With the current monetary policy stance of the Federal Reserve System, and the tone being conveyed by the Fed's forward guidance, and market expectations for the path of monetary policy normalization in the United States, the exodus out of US government debt has begun. Net selling of bonds by investors tends to increase the market interest rate associated with the bond, which is in-line with the overall direction on monetary policy in the US. In anticipation of this, some investors adjust their portfolio allocations to reflect the expected downside to bond prices.
For those investors however, that must maintain their allocated levels of different asset classes, the expected downside for US government bonds means they need to find somewhere else to park their investment capital. An ideal candidate is Japanese Government Bonds (JGBs). Conceptually, the same reason why there will inevitably be a capital outflow from US government, is the reason why there will inevitably be a capital inflow into Japanese government debt.

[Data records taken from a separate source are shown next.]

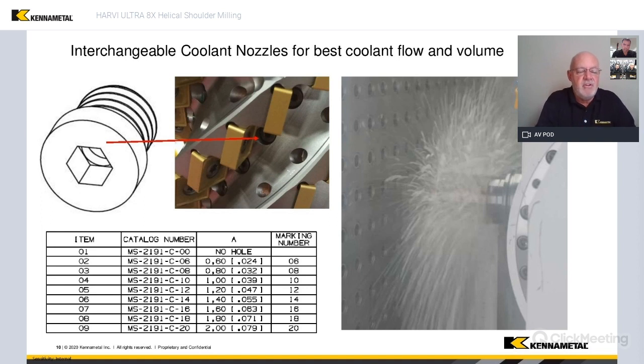The good thing about the coolant nozzles is they are interchangeable, and if you have a specific type of pump pressure and pump flow, we can custom tailor the tool to the right size nozzle, and what that does is get you the best coolant pressure for your situation, and it really does make a big difference.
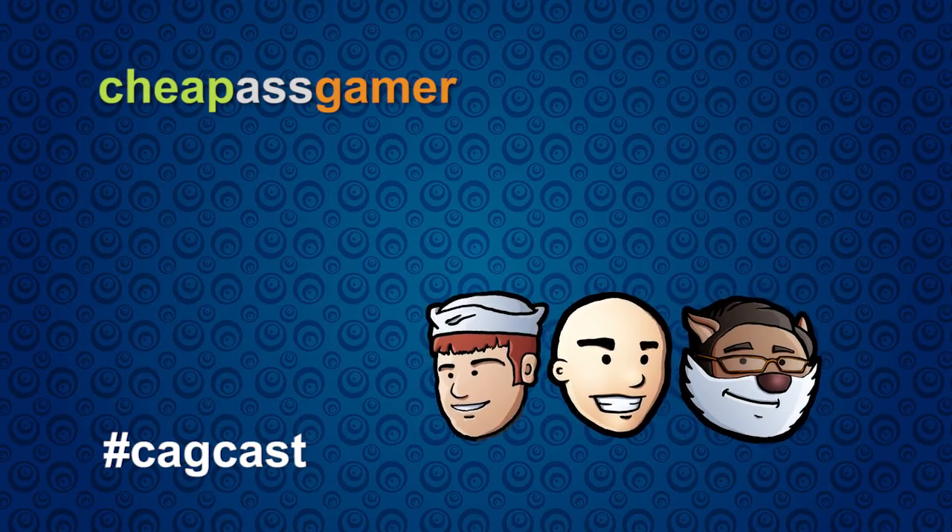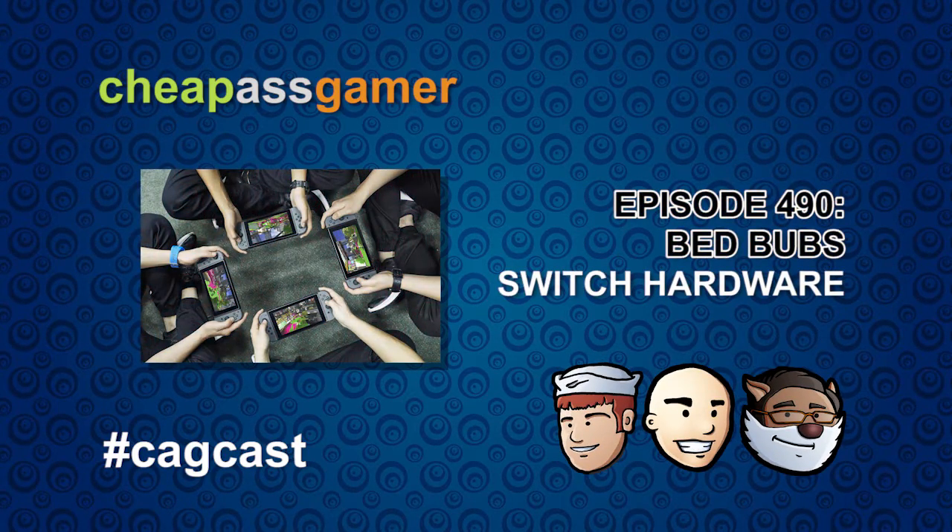Can we talk about the Switch hardware now? Are we in the Switch zone? I could talk about Zelda all day, but it's really hard to separate Zelda from the Switch at this point. It's a $300 tablet that plays nine games, and that's the best one by far — well, like 20 now with all those Neo Geo games.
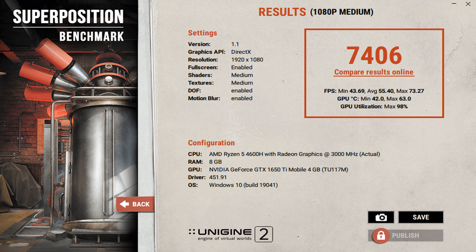In the Superposition benchmark, the score is 7666, which is very impressive. The minimum FPS is around 45, the average FPS is 45, and the maximum FPS is 133. GPU temperature reached a maximum of 30 degrees Celsius, and GPU utilization was 98%.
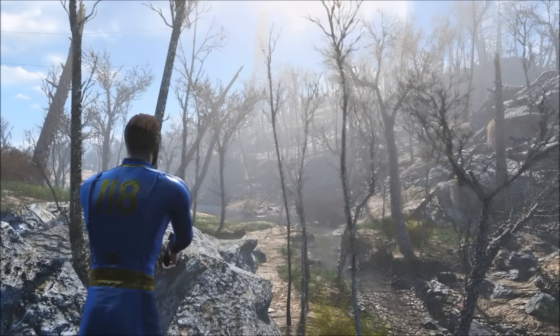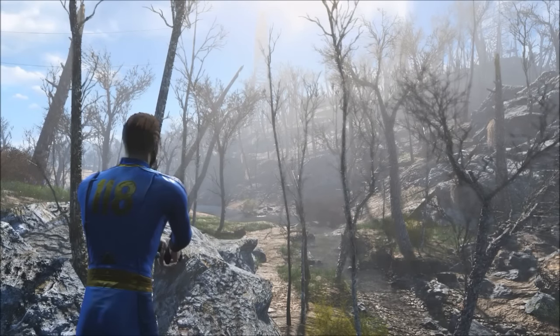Hey guys, it is Cheesy here and today I'm bringing you episode 2 of Fallout 4 Console Mods of the Week.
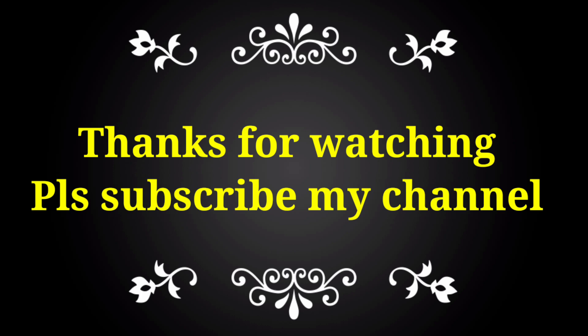If you like this video, please subscribe to my channel and share with your friends, colleagues, and technicians.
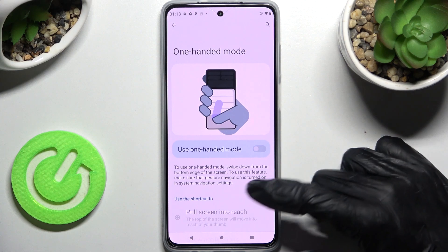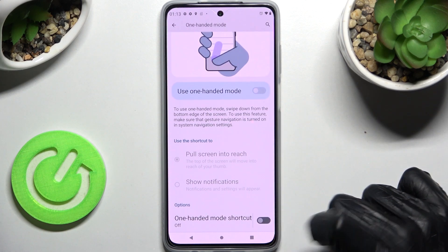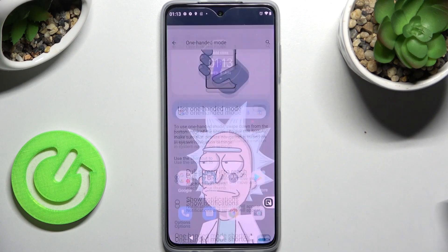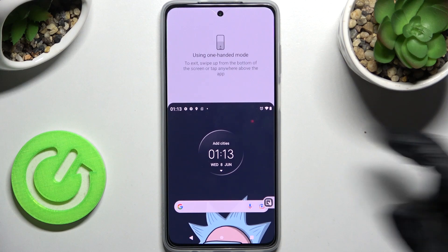Now if you have three-button navigation you need to scroll all the way down and tap on the toggle next to one-handed mode shortcut, then click on OK in the pop-up and go back. To use one-handed mode click on the shortcut. If you want to go back, swipe up.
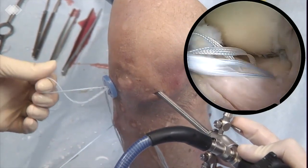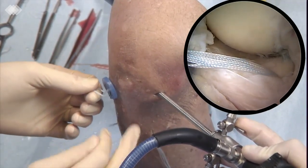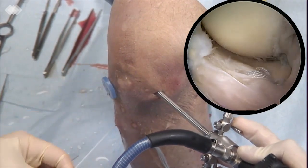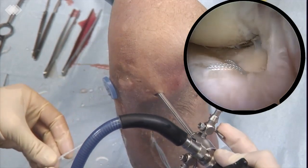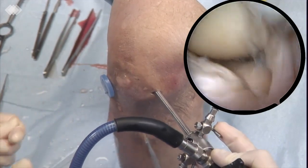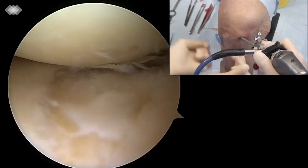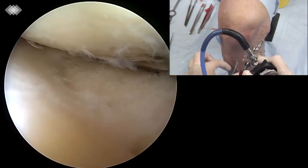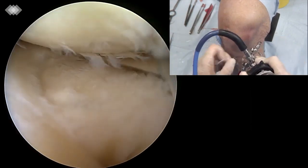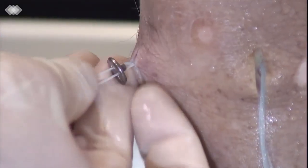The suture tape is then passed through the tibial tunnel and the joint space opening is observed. The mid portion of the extruded meniscus moves to its original place.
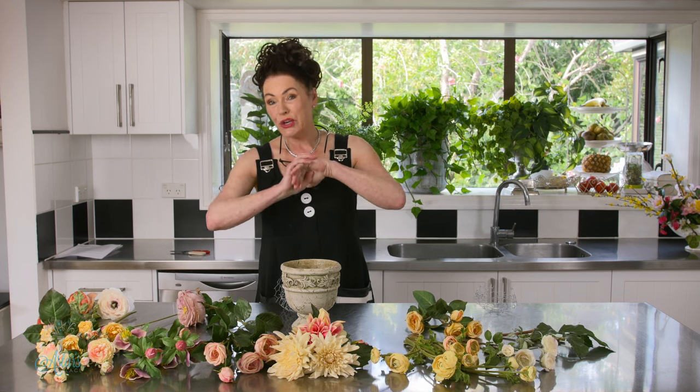Hi everyone and welcome to my place. I'm really excited to share and to launch a whole new series. This series came about because of lots and lots of requests: can you bring the size of your containers down? Can you bring the size of your designs down? Because we don't all live in big houses. Well, I don't live in a big house either, but I just like one big — whoa, look at that, that's amazing.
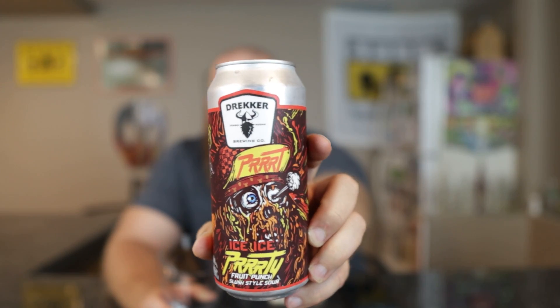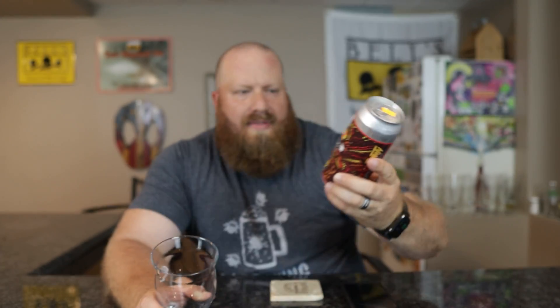Like most of these 'Party' variants, if you look at the can, they've all got the same pirate on it, just different colors. Looking at the back, the ingredients listed are pineapple, cherry, orange, and fruit punch slushy.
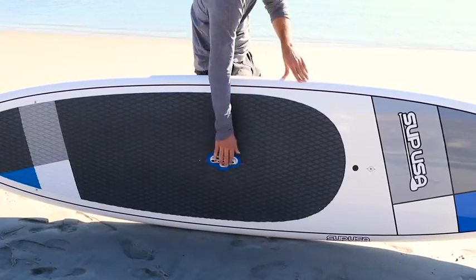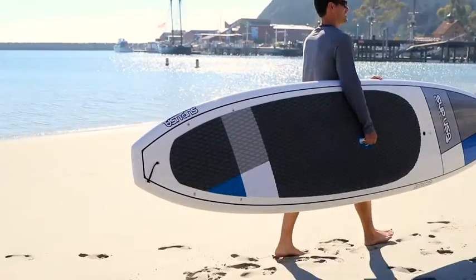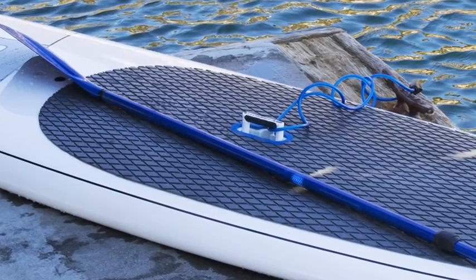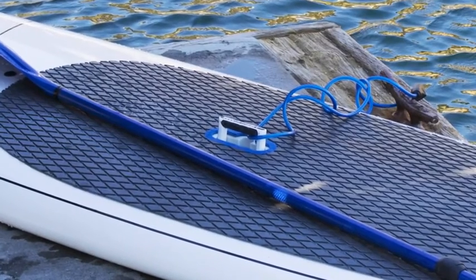The lifts up handle makes it far easier to carry your board and the handle recesses into the board during paddling and storage. The lifts up handle also provides a locking point to secure your board with a cable lock, lock sold separately.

Interest rates and bond prices move in opposite directions, therefore, the Fed raising interest rates will depress the prices of US government bonds, meanwhile, the Bank of Japan is firmly committed to Quantitative Easing and has no plans to raise interest rates any time soon. This monetary policy stance by the Central Bank supports the prices of Japanese government bonds, as these bonds are used as collateral for cheap money from the Central Bank. As an added bonus, the long-term deflationary trend of the Japanese economy means the future cash flow from the government bonds should have more purchasing power than the cash used to purchase the bonds. This should supplement the low nominal yield earned on the bonds.